### Exercise description
Everything from the line with "广东省治疗银屑病哪家医院最权威 广东银屑病哪里治疗最好" to the line with "軟骨無形成症（ACH）胎児，正常胎児における大腿骨長（FL）の計測" in the listing below, both lines included, needs to be copied exactly, apart from the pictures.

[Exercise data — start]

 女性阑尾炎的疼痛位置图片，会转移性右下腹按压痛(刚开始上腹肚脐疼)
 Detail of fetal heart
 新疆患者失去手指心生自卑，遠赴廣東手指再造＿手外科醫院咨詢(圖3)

[Exercise data — finish]
[Exercise data — start]

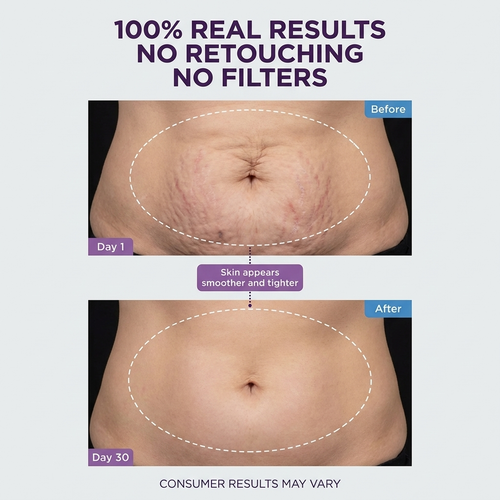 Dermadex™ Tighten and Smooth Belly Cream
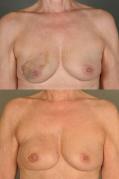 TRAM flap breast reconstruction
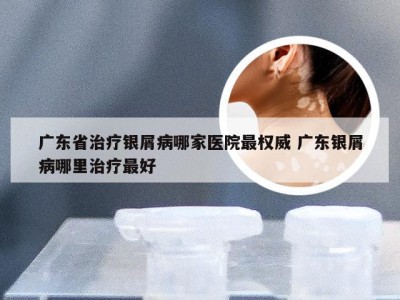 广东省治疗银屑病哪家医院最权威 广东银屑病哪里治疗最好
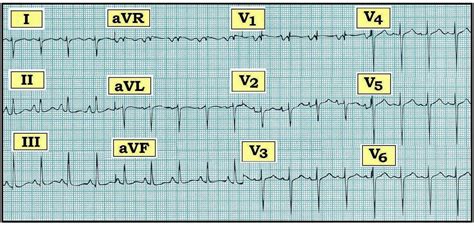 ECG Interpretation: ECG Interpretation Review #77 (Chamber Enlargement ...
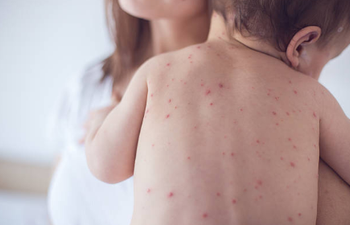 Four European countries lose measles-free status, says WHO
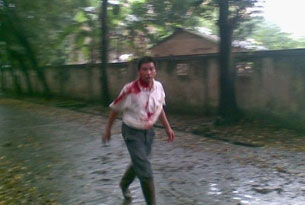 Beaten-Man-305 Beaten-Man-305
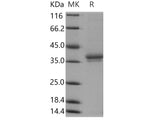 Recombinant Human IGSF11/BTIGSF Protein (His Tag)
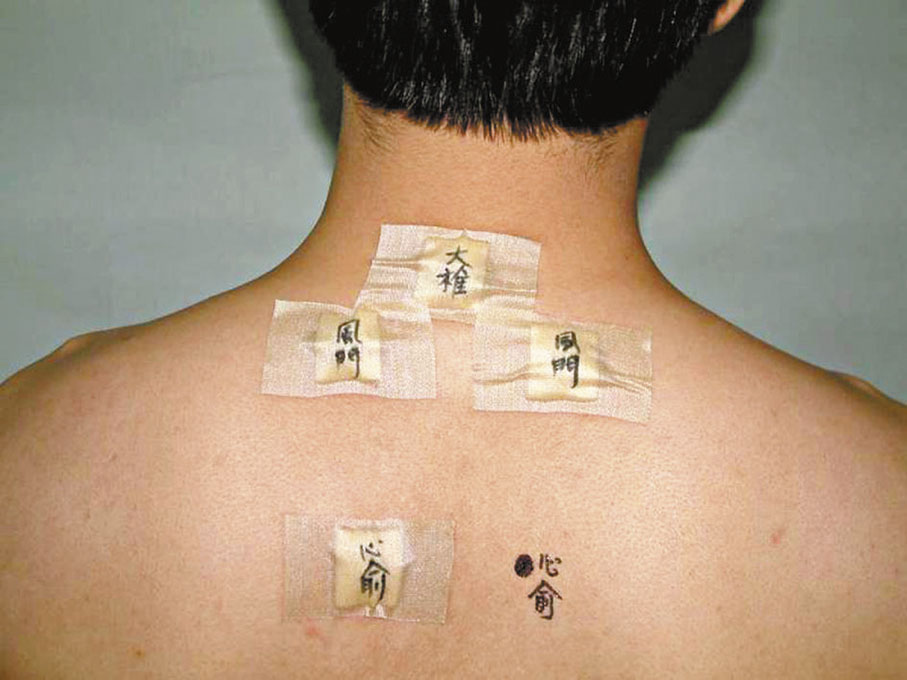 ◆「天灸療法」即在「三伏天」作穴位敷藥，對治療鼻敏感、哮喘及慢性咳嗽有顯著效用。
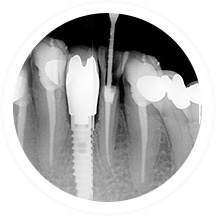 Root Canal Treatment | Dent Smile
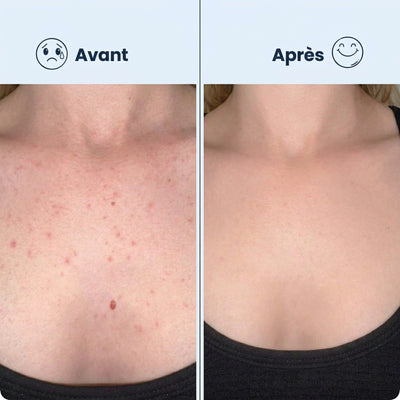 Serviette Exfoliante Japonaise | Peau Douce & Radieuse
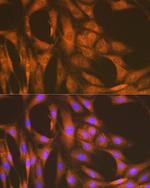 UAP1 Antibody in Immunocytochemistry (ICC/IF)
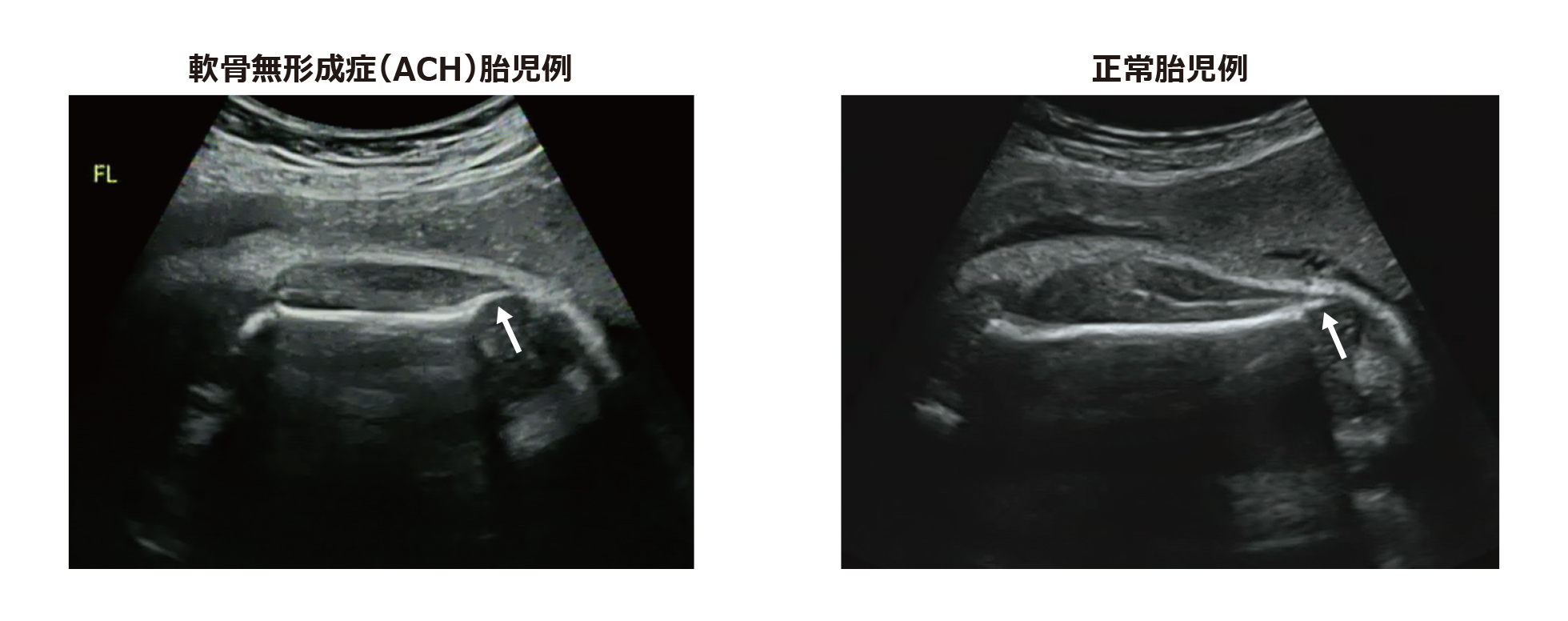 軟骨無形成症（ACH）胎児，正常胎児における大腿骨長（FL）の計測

[Exercise data — finish]

### Output
 广东省治疗银屑病哪家医院最权威 广东银屑病哪里治疗最好
 ECG Interpretation: ECG Interpretation Review #77 (Chamber Enlargement ...
 Four European countries lose measles-free status, says WHO
 Beaten-Man-305 Beaten-Man-305
 Recombinant Human IGSF11/BTIGSF Protein (His Tag)
 ◆「天灸療法」即在「三伏天」作穴位敷藥，對治療鼻敏感、哮喘及慢性咳嗽有顯著效用。
 Root Canal Treatment | Dent Smile
 Serviette Exfoliante Japonaise | Peau Douce & Radieuse
 UAP1 Antibody in Immunocytochemistry (ICC/IF)
 軟骨無形成症（ACH）胎児，正常胎児における大腿骨長（FL）の計測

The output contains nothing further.